The RDA’s 900 South property, next to a TRAX stop, was ideal for a temporary use because it can’t be developed as long as a billboard company has rights to clear air in the area, through 2012. The parcel faces another obstacle shared with several other city parcels: the RDA acquired the land as a single piece of a hoped-for large plot of land, and the agency won’t be offering anything for sale until a large contiguous parcel can be assembled.

Simonsen argues the RDA should be doing more small projects that could be developed quickly with local firms.

“Temporary uses obviously help, but ideally, we want to see the properties being developed,” he says. “Sometimes, because we’re trying to create large properties, we sit on property for such a long time, it causes more of the blight we are directed as an agency to turn around.”

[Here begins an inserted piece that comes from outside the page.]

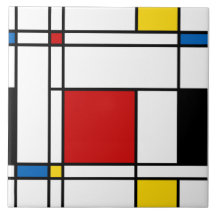 Neo-Plasticism Art Tile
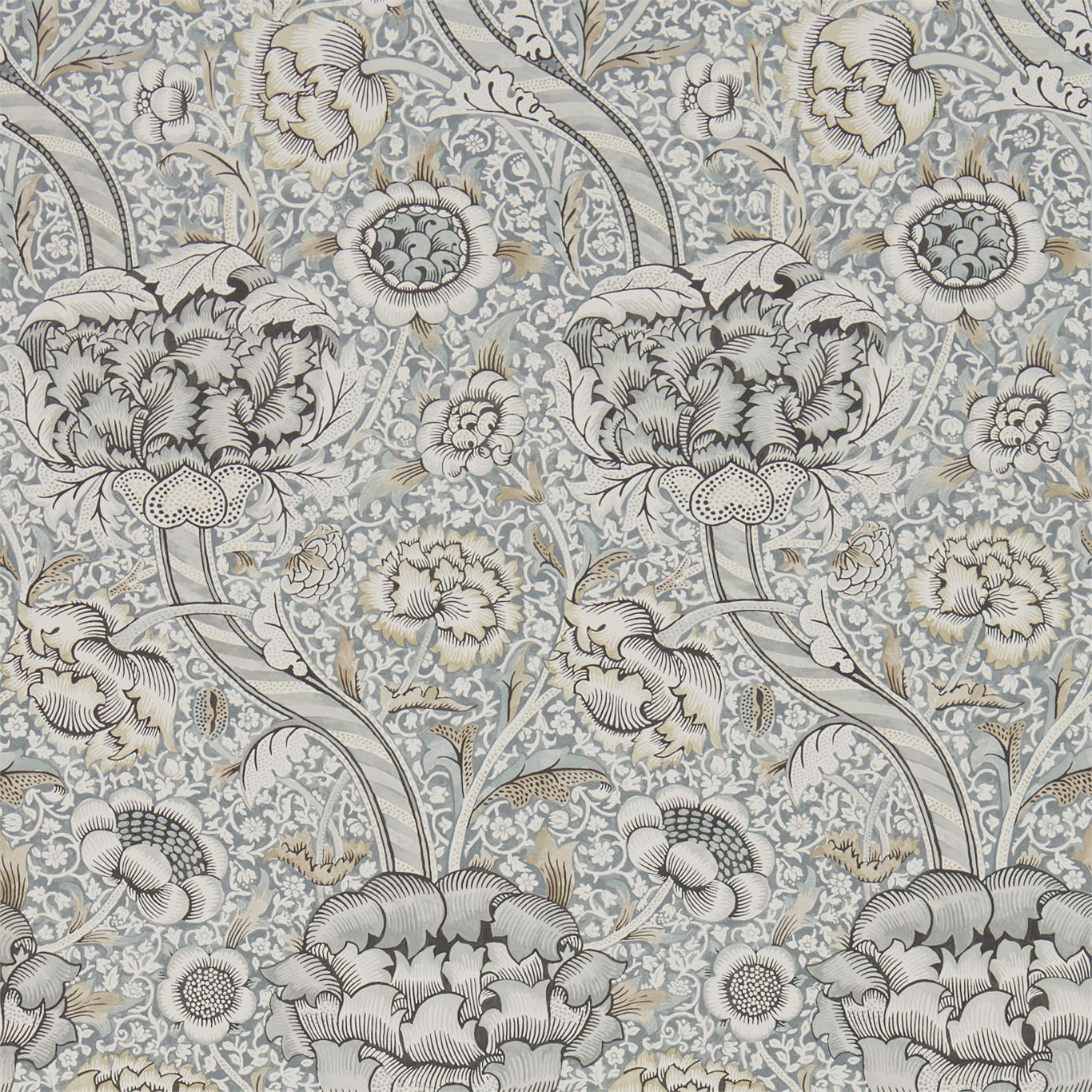 Wandle Grey/Stone Wallpaper by MOR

The RDA acquired the Wilmington Avenue land in Sugar House in 1999. Two years later, the city tore down the shops, including structures that once housed a welder, a fortune teller and several private clubs, one of which held a well-attended businessman’s lunch-and-lingerie show each Friday.

“You can see, maybe, why they wanted them out, but they all paid taxes,” says Sperry. “They were six really viable businesses, and they’ve left it vacant for years.”

The RDA was handcuffed because Ballet West held an option on the land through summer 2007. The city began the mulch-application program last year after members of the Sugar House Community Council wrote a letter of complaint. Barbara Green, owner of a Sugar House vacuum store and member of the neighborhood merchant’s association, says business owners have been happy to see the weeds gone and the parcel “covered up with something that looks good.”

But Simonsen thinks the city should have done something more with the property in the two years since the ballet’s option expired. He’s been asking without luck to see a copy of the demolition permit the city filed when it took down the buildings, assuming the permit would have a landscaping plan attached.

In fact, there may be no such plan. City ordinances regulating the business district on Wilmington Avenue don’t require a landscaping plan as a condition of a demolition permit.

Some cities have used vacant property for temporary, gravel-filled parking lots, says Simonsen. One town put down donated AstroTurf and created a temporary public plaza. The Salt Lake City RDA has discussed a streettree farm as a temporary use for the Sugar House property. But that would require taking the property off the market for several years. And temporary uses aren’t free. Salt Lake City put $48,000 into the People’s Portable Garden on 900 South.

In the meantime, while city officials think it through, “they get away with doing nothing,” says Sperry. “That doesn’t work if it’s private property.”